If Alfons Adetuyi — a Sudbury Secondary graduate turned internationally renowned filmmaker — has his way, he’ll be back in Sudbury as early as next year to start shooting the second film in what he calls his ‘Africa Trilogy.’
“I guess I could give you some hints (about the new film),” Adetuyi said in a recent interview with The Star. He says the film is set around a particular event in 1971 and is called Dreams of the Moon. “So maybe you have to find out what happened in Sudbury in 1971,” he said while laughing.
In July 2010, Adetuyi returned to Sudbury for the first time in many years to direct the first film in his trilogy, High Chicago, which was written by his brother Robert and produced by his other brothers, Amos and Tom.
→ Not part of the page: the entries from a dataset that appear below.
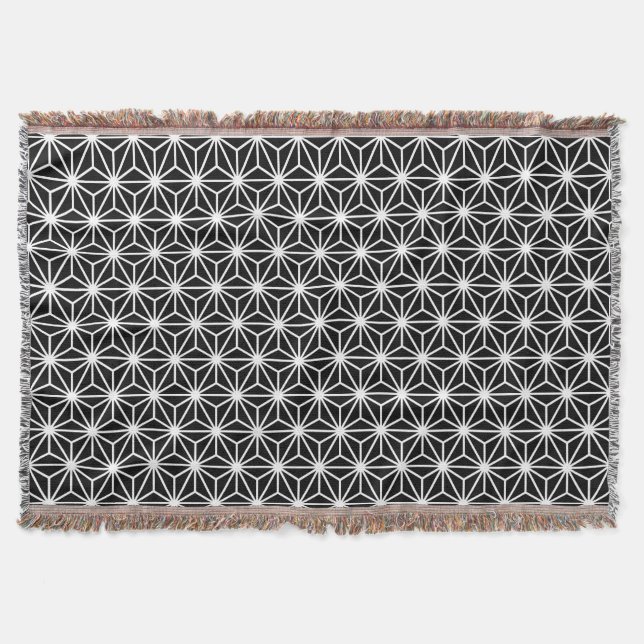 Asanoha Style - White on Black Throw Blanket (Front)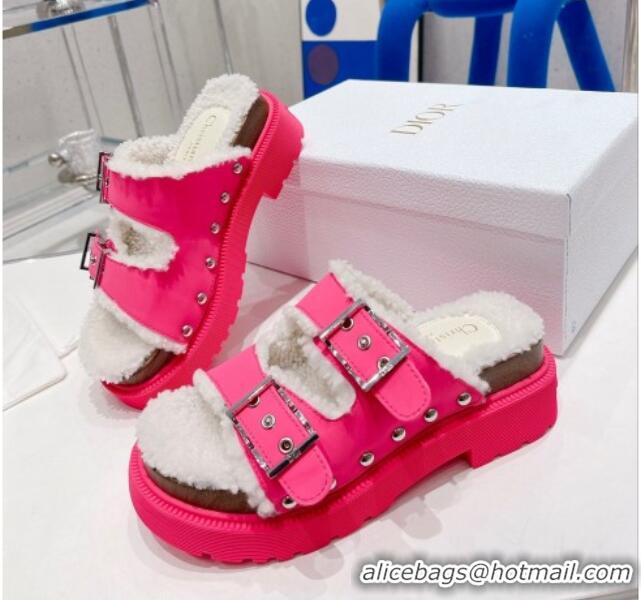 Good Looking Dior Diorquake Strap Slide Sandals in Pink Calfskin and White Shearling 082543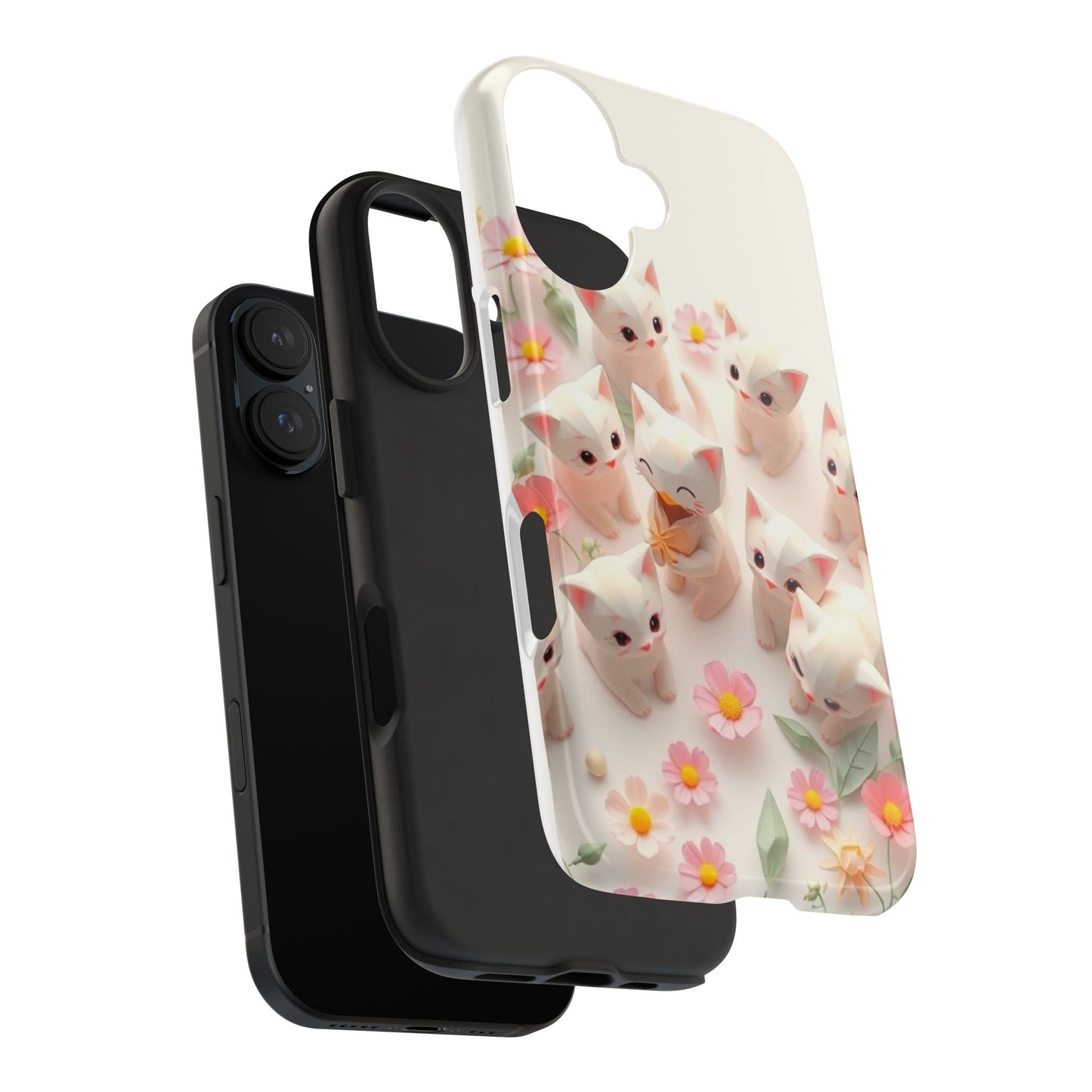 Kittens-n-Flowers Impact-Resistant Phone Case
High Chicago is set in a small mining town in 1975 and follows the story of a man who’s a gambler, drinks a little too much and has given up on a dream he hatched while serving in the navy: to build drive-in movie theatres in Africa.
“Then all of sudden something happens to him much later on — when he’s got kids and a wife — and he decides he’s going to pick up on that dream.”
Although the film is set in Michigan, Sudbury was the true inspiration for the film and Adetuyi said he always planned on filming it here.
“It was always Sudbury. It’s a place that I knew well and I understood how those scenes would play out and the kind of areas in the city that could be used.”
Aside from one scene shot at a drive-in movie theatre in Oakville, the entire film was shot locally, and even used the NORC AT training mines for some of the underground scenes, Adetuyi said.
“(The films) all have a core-centre around Sudbury because, in fact, that’s where my dad immigrated to from Nigeria.”
“It’s a semi-autobiographical … inspired true story,” Adetuyi said. “It’s really the story of my dad.”
Adetuyi’s father came to Sudbury in 1947 and was one of the first West-Afr icans to immigrate to Canada, according to the film-maker.